**REQUIRED WORK:** The full listing should be written out verbatim, and its images should be dropped.

── INFORMATION SHOWN

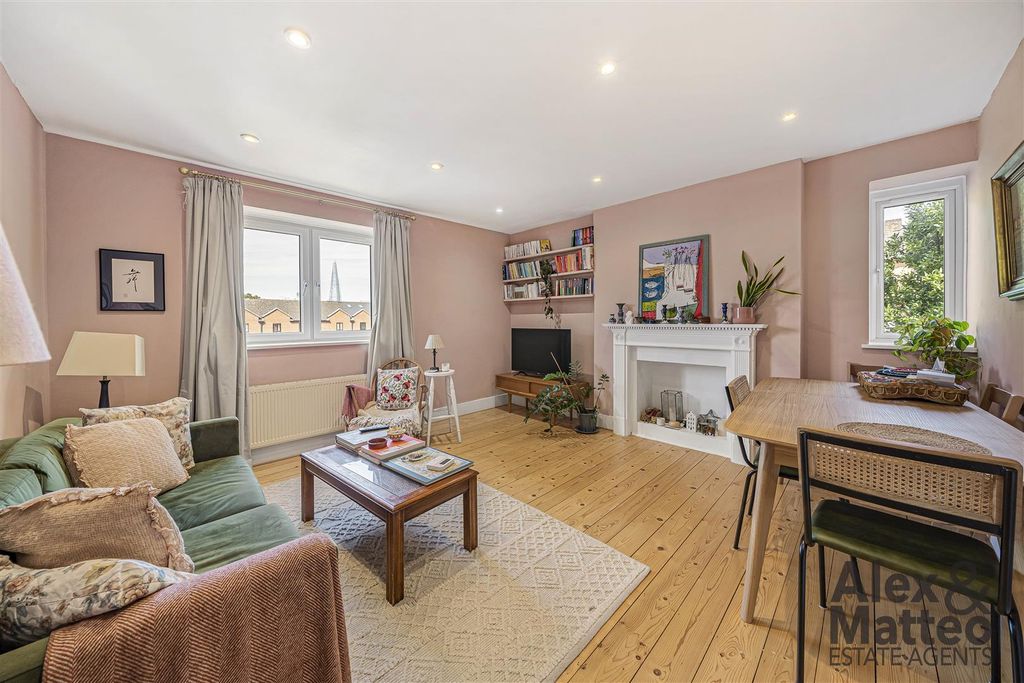 Property photo 1 of 22 Millpond Estate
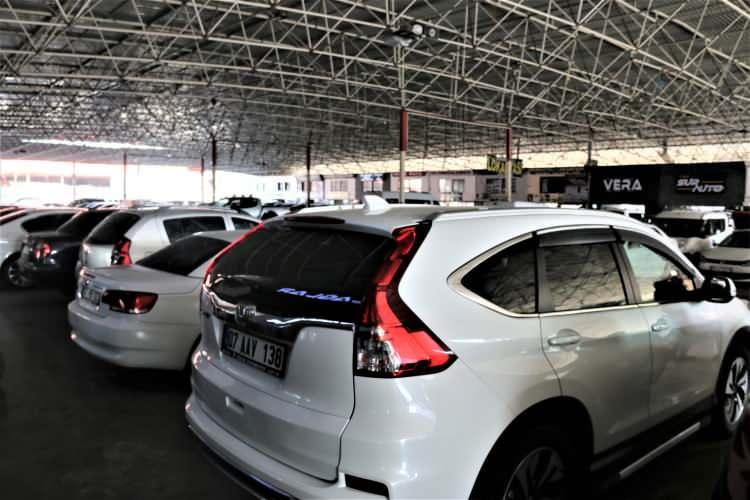<p>İkinci el otomobil piyasasında 6+6 düzenlemesinin etkisi devam ediyor. 15 Eylül’de başlayacak olan düzenleme öncesi Antalya’da ikinci el araç piyasasında hareketlilik yaşandı. </p>
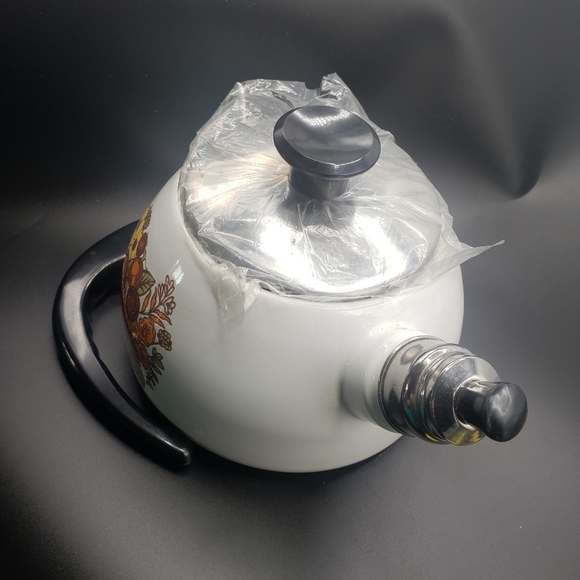 Vtg Tea Kettle With Whittle Fall Floral Design New Old Stock In Box - Picture 2 of 5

────

**WRITTEN ANSWER:**
 Property photo 1 of 22 Millpond Estate
<p>İkinci el otomobil piyasasında 6+6 düzenlemesinin etkisi devam ediyor. 15 Eylül’de başlayacak olan düzenleme öncesi Antalya’da ikinci el araç piyasasında hareketlilik yaşandı. </p>
 Vtg Tea Kettle With Whittle Fall Floral Design New Old Stock In Box - Picture 2 of 5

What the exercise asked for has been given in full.